It has been previously reported that RPA70 binds independently to ATRIP and Rad9, bringing them in close vicinity and finally leading to activation of ATR by TopBP1. To test if RPA70-independent Chk1 phosphorylation utilizes these factors, a systematic depletion of known checkpoint proteins was carried out. Co-depletion of ATRIP, ATR, TopBP1 or Rad17–9–1–1 complex suppressed the RPA70 depletion-induced Chk1 phosphorylation (Figure 4D–L and Supplementary Figure S3A–E). RNAi-mediated silencing of claspin, which is known to be essential for ATR-dependent Chk1 phosphorylation, also resulted in suppression of Chk1 phosphorylation after RPA depletion (Figure 4I) (34). Therefore, apart from RPA, this novel mode of ATR activation is mediated by the same factors that are involved in the canonical pathway of ATR activation.
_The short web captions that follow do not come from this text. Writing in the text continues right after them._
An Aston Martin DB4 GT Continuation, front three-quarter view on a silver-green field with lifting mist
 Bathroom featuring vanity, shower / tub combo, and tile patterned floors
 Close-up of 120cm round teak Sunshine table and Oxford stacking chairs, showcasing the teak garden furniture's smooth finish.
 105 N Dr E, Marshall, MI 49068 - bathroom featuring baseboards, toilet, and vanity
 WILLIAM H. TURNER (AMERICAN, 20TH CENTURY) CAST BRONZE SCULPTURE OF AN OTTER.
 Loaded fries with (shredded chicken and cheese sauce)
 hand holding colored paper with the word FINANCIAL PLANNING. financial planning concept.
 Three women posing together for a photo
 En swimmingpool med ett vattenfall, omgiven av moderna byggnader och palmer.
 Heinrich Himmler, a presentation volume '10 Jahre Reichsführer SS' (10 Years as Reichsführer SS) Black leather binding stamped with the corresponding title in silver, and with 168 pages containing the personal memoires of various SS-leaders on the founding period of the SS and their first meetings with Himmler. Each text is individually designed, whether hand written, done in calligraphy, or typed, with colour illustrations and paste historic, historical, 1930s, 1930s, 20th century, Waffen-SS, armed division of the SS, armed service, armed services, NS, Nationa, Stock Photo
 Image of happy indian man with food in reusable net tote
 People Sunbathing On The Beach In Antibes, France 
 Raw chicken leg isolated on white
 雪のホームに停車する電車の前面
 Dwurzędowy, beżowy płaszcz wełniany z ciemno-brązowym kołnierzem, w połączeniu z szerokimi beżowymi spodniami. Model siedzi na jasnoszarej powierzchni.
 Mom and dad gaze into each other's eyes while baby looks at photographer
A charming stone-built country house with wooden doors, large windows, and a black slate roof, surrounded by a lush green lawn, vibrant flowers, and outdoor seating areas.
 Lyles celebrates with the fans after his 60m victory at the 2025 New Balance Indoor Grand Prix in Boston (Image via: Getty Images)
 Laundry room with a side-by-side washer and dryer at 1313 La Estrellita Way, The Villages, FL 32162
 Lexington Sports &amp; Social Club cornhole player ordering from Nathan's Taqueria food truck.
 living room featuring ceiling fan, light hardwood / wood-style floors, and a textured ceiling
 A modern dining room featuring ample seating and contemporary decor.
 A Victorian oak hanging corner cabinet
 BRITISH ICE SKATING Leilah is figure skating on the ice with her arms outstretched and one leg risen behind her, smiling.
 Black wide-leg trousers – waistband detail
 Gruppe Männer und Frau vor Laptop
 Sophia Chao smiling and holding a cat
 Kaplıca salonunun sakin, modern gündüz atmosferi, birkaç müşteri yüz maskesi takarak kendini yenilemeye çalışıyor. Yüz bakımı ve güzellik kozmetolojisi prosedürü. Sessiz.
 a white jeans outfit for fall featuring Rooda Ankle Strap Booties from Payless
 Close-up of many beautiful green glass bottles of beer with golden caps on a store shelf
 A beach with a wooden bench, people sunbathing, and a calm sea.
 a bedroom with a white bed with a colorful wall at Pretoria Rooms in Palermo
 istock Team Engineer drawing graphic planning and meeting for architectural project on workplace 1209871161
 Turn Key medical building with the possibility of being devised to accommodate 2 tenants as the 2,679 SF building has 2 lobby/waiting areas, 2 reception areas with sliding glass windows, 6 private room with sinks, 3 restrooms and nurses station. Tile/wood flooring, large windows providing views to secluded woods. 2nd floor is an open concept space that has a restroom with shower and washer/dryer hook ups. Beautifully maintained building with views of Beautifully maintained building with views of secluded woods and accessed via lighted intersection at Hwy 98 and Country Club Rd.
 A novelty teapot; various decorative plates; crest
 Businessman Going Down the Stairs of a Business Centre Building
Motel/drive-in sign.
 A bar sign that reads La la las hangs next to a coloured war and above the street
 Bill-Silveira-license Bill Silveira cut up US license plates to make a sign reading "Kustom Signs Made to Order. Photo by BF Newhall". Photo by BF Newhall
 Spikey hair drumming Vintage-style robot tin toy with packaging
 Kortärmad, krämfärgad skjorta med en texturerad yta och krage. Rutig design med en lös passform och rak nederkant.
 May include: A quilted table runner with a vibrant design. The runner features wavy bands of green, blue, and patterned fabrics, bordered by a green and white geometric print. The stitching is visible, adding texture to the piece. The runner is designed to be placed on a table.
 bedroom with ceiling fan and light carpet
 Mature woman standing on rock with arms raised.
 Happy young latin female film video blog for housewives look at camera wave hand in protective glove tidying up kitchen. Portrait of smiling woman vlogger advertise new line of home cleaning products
ATR-ATRIP complex associates with the single-strand binding protein complex, hSSB1/2-INTS3

It is known that RPA physically associates with ATRIP and since we propose that hSSB1/2-INTS3 complex substitutes the function of RPA, we evaluated the physical interaction between hSSB1/2-INTS3 and ATRIP. Since the antibodies against endogenous proteins immunoprecipitated poorly, we expressed the proteins using affinity tags and assayed the physical interactions. It has been previously shown that the C-terminus of ATRIP (aa 508–776) binds to the N- terminus of ATR (aa 1–388) and this interaction is essential not only for ATR recruitment but also for ATRIP localization to the sites of DNA damage (16). Since the expression of full-length ATR was poor, we tested the interaction of hSSB1-INTS3 with this domain of ATR which is known to be vital for binding to ATRIP. We co-expressed HA-ATR or HA-ATRIP with Myc-INTS3 in 293T cells and observed that HA-ATR as well as HA-ATRIP co-immunoprecipitated Myc-INTS3 indicating in vivo interaction between ATR/ATRIP and INTS3 (Figure 5A). We also observed that HA-ATR and HA-ATRIP co-immunoprecipitated Myc-hSSB1 (Figure 5B). To validate the interactions, we carried out reverse immunoprecipitation with anti-Myc antibody: we co-expressed Myc-INTS3 along with HA-ATR or HA-ATRIP and observed that Myc-INTS3 co-immunoprecipitated HA-ATR and HA-ATRIP, authenticating their physical association (Figure 5C and D).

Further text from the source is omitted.